>>How about the following for the second paragraph of 2.7.2:
>> Comparisons are performed in Unicode. Implementations convert
>> text from header fields in all charsets [HEADER-CHARSET] to
>> Unicode as input to the comparator (see 2.7.3). Implementations
>> MUST be capable of converting US-ASCII, ISO-8859-1, the US-ASCII
>> subset of ISO-8859-* character sets, and UTF-8. Text that the
>> implementation cannot convert to Unicode for any reason, MAY be
>> omitted, treated as plain US-ASCII (including any [HEADER-CHARSET]
>> syntax), or processed according to local conventions,
>
>
> Thought I sent a note about this, but cannot find it... Anyway, I think this
> is fine, although I'd be tempted to out "treat as plain US-ASCII" first on the
> list.
Definitely first on the list.

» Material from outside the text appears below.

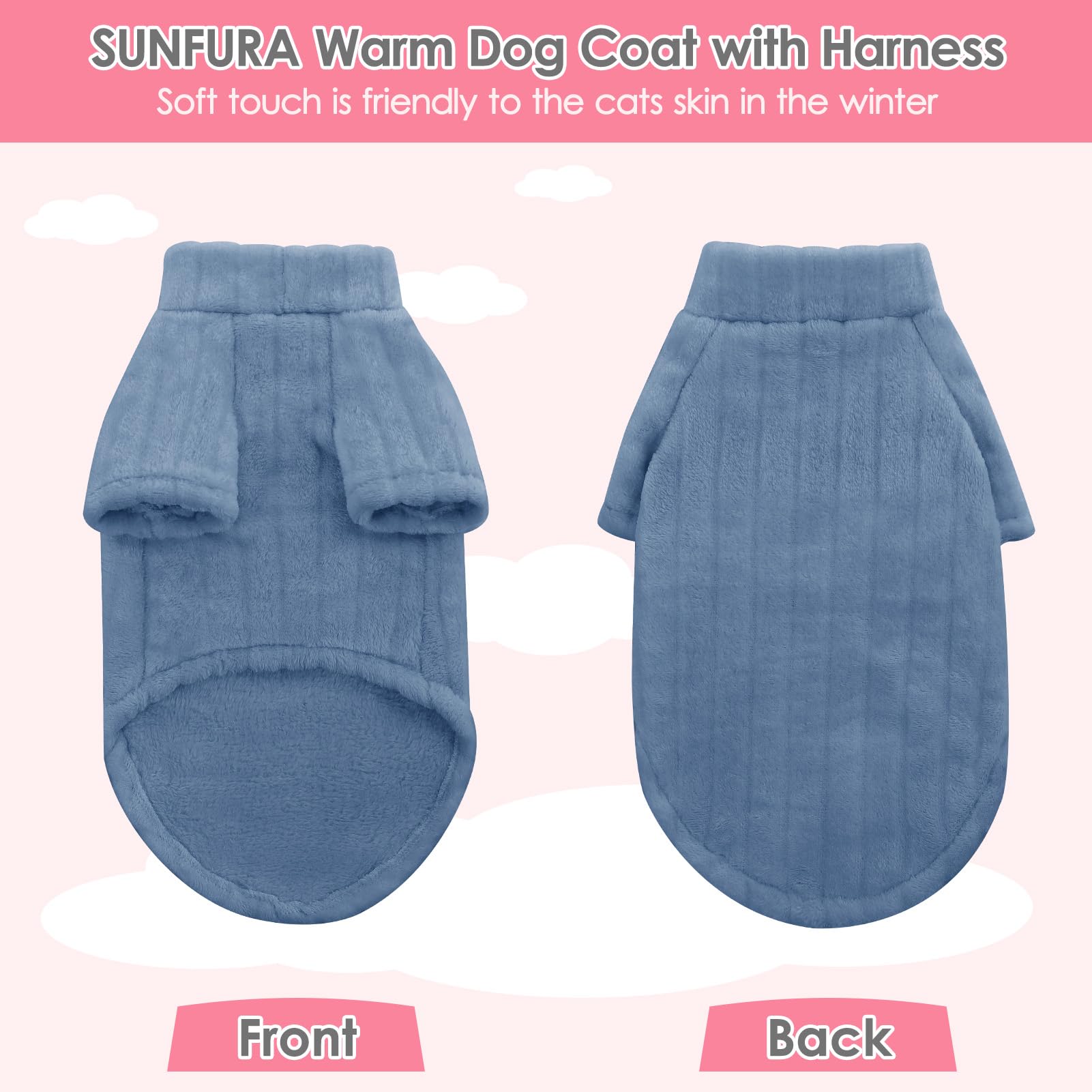 Warm & Soft SUNFURA Cat Sweater for Hairless Sphynx - Fleece Pullover with Sleeves, Cozy Turtleneck Kitten Jumpsuit for Fall & Winter (Blue, Medium) - Perfect for Indoor Comfort & Cold Weather Protection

I actually think this *is* best practice,
despite Ned's having said he doesn't think there is a best practice on
this, and, in particular, I'd like to eliminate "omitted".
I certainly could live with omitting "omitted".
Consider:
Subject: =?bogus-charset?Q?Buy Viagra now!?=
Do you really want my rule that says
if (header :contains ["subject"] ["viagra"]) {
discard;
stop;
}
to be ignored because the spammer put in a bogus character set name
(perhaps purposefully, to screw up Sieve scripts)?
Good point.
Ned